If you need help sorting out the marketing from reality, here's a quick primor on what to look for when you're reviewing those credit card offers.


This is the main reason you'd want a credit card. It just doesn't make sense to be using a credit card that you're not getting rewards on (except, of course, if you carry a balance, in which case, no amount of rewards would make up for the interest you're racking up). Rewards generally come in the form of cash back, miles towards travel, or points for other types of redemption (for example, merchandise or gift cards). The baseline rate on most credit cards for rewards is 1% cash back or 1 mile/point per dollar spent. The difference between rewards cards will show up in the ways you can get "bonus" points. For example, one card might offer 5% cash back on groceries. Another might offer 2 miles for airfare purchases. One way to choose a credit card is to find the one that offers bonus rewards for the category you already spend the most on.
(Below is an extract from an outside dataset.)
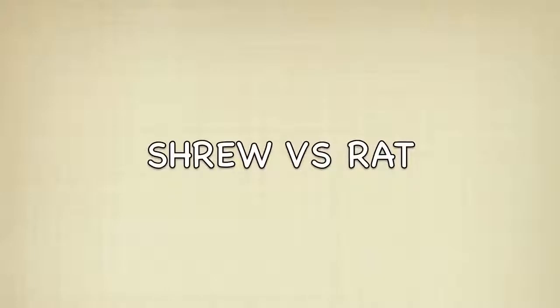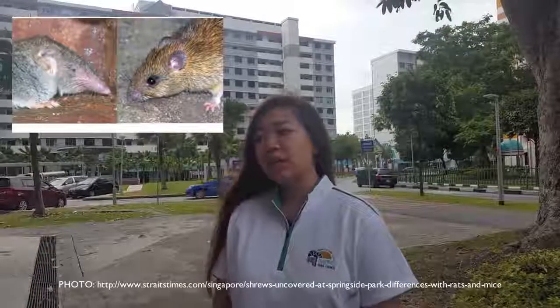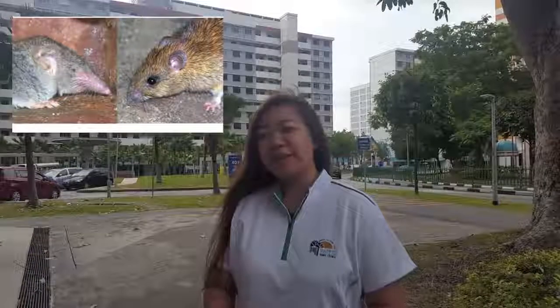A shrew is actually a mammal that has a long pointed nose and also very small eyes. The difference between a shrew and a rat is that a shrew will actually make a different kind of sound as compared to a rat.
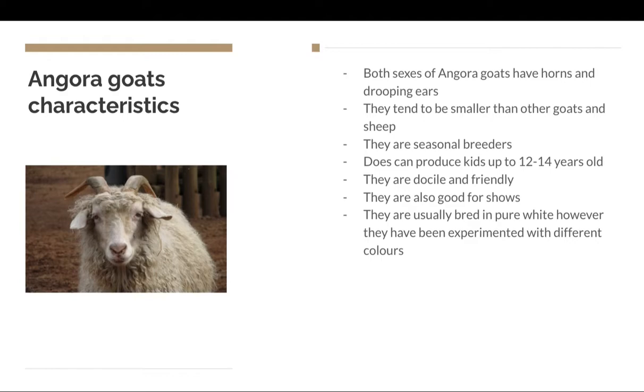Here are some angora goat characteristics. Both sexes of angora goats have horns and drooping ears, though females have smaller and less curved horns. They tend to be smaller than other goats and sheep kept on the farm, which is a reason why they're so easy to look after and take care of.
For frequent flyers, that would probably be airfare. For families, that might be groceries. (See also: Best Credit Cards for Dining Out)

Earning Caps

This is one of those things usually in the fine print. Cash back credit cards usually have a cap on the amount of cash back you can earn in the bonus categories. Rewards credit cards that offer points and miles don't have earning caps as often, but some may, so always check! You may not be getting what you expect if you spend a lot in the bonus categories. In some cases, it might make sense for you to choose a card that offers a lower bonus, but without earning caps. You'll have to do the math.

Redemption Requirements

You might be really excited about cashing out the first $20 you've earned in cash rewards, only to find that the minimum redemption amount is $35. Depending on what you plan to use the rewards for, and when you need them, you want to make sure to choose the card with the redemption requirements that suit your needs. 

Redemption Options

Cash back rewards are pretty straightforward. You usually either opt for a statement credit or a check/direct deposit. However, when it comes to the world of miles and points, redeeming can be extremely difficult. You might have chosen a travel rewards card because you want to get a big discount on your yearly overseas trip. But you might find that the miles you've racked up don't transfer to the airline you want, or doesn't offer award seats for the country you want to fly to. Know what you're going to be using those points or miles for, before you get stuck with a ton of them you can't even use. (See also: Which Airline Loyalty Program Has the Best Value for Their Miles?)

Annual Fee

The credit cards that offer big bonuses on popular categories are usually the ones with the annual fee. Bigger benefits usually come with a higher price tag. Now don't write off a credit card just because of its annual fee. Lots of people have credit cards with annual fees and they get more than enough rewards to pay for that fee. It depends on your spending habits, and whether you are going to take advantage of those extra benefits. Again, do the math.

Foreign Transaction Fee

This is something to be aware of if you use your card internationally. Many cards will charge a 3% foreign transaction fee to your purchases. If you travel a lot, you should consider a card that has a low or zero foreign transaction fee.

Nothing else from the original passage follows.